Irma was forecast to dump up to 20 inches (50cm) of rain over Florida and southeast Georgia through tomorrow, less than the 50 inches Hurricane Harvey dropped on parts of Texas and Louisiana two weeks ago, killing at least 60 people and causing an estimated US$180 billion in property damage.
Irma could cause insurance losses of between US$15 billion and US$50 billion in the US, catastrophe modelling firm AIR Worldwide said.
But unlike with Harvey, dangerous winds will barely abate once Irma makes landfall this morning.
In Cuba, the destruction along the north central coast was similar to that suffered by other Caribbean islands over the last week as Irma ploughed into Ciego de Avila province.
People walked through ankle-deep water in Caibarien, a fishing town where streets were flooded and covered in seaweed. Elsewhere, winds toppled trees and utility polls or ripped apart roofs.
It was the first time the eye of a Category 5 storm had made landfall in Cuba since 1932, state media said, and the island’s Communist government ordered the evacuation of more than a million people from its path.

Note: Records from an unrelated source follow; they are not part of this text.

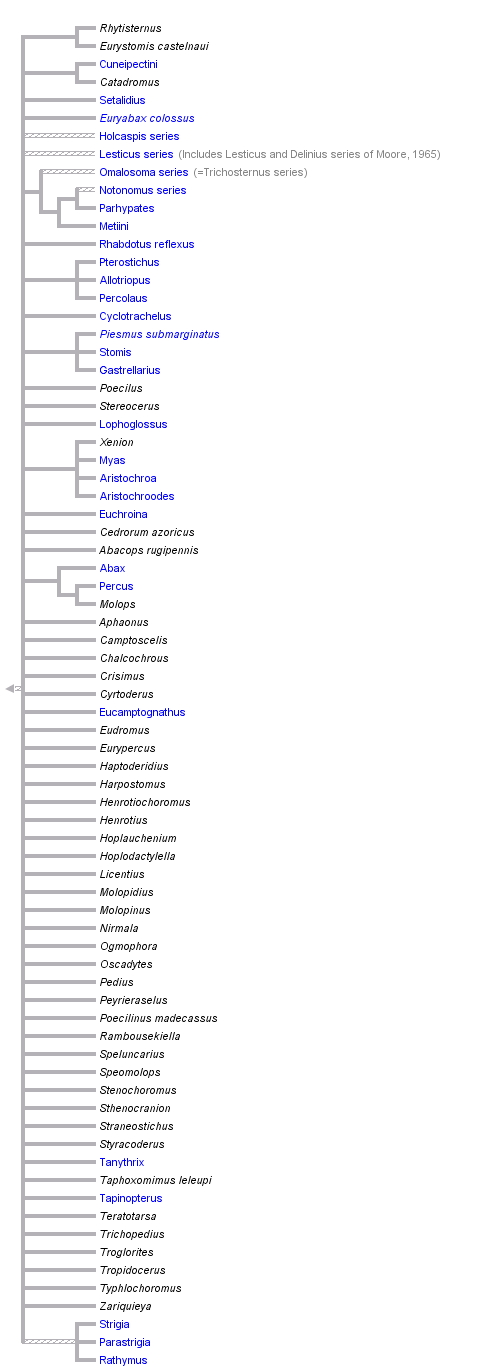 taxon links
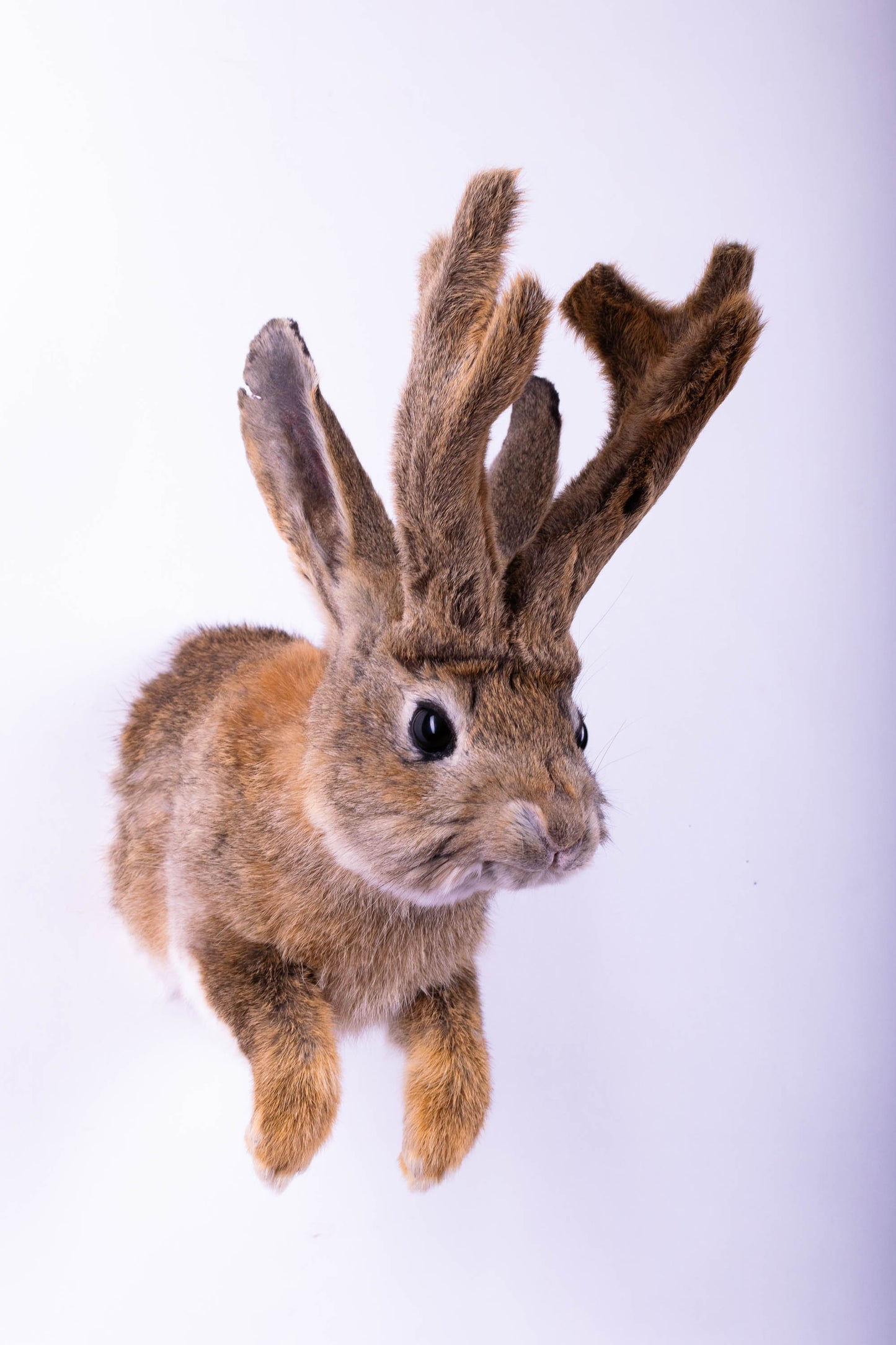 Jackalope Hare Taxidermy Wall Mount For Sale
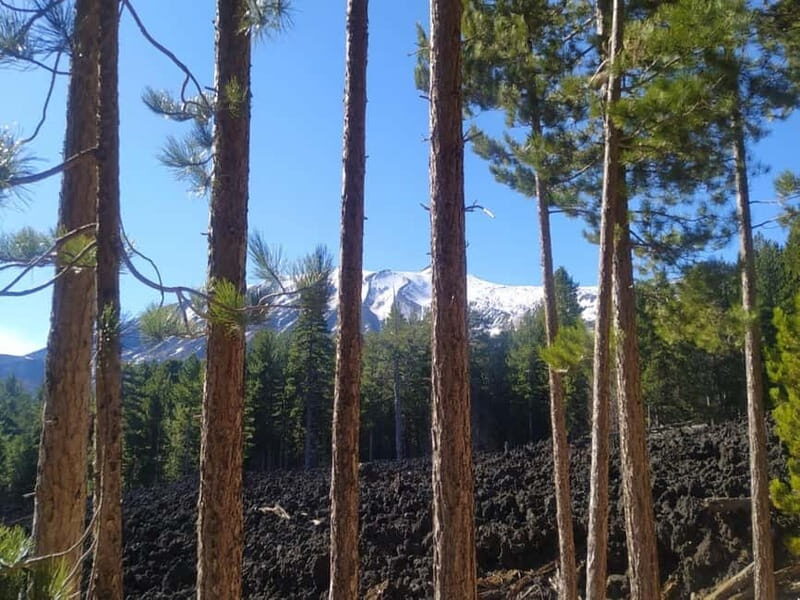 From Taormina: Etna Walking Tour and Wine Tasting in Winery - Lava Tunnel Time: A 15-Minute Stop That Changes How You See Etna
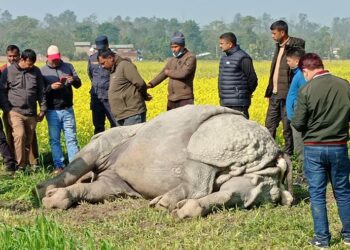 Male Rhino Found Dead In Chitwan
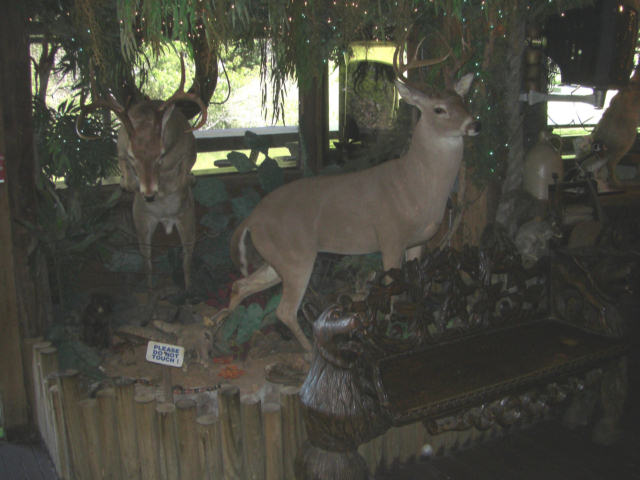 CIMG0442.jpg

Officials in Florida have ordered a total of 6.3 million people, or about a third of the state’s population, to evacuate, creating massive traffic jams on highways and overcrowding shelters.
In Palm Beach, President Donald Trump’s waterfront Mar-a-Lago estate was under evacuation order.
“This is a storm of enormous destructive power, and I ask everyone in the storm’s path to heed ALL instructions from government officials,” Trump said on Twitter.
The window for people to leave evacuation zones was rapidly closing, officials said, warning that gas stations would soon be without fuel and bridges would be closed in some areas.
Chris Cardona and his wife Laurie left their mobile home near Miami on Thursday to seek refuge with friends near Tampa.
“Not only did we go west, but so did Irma. She’s tracking us, that feisty minx,” Cardona, 54, said by phone.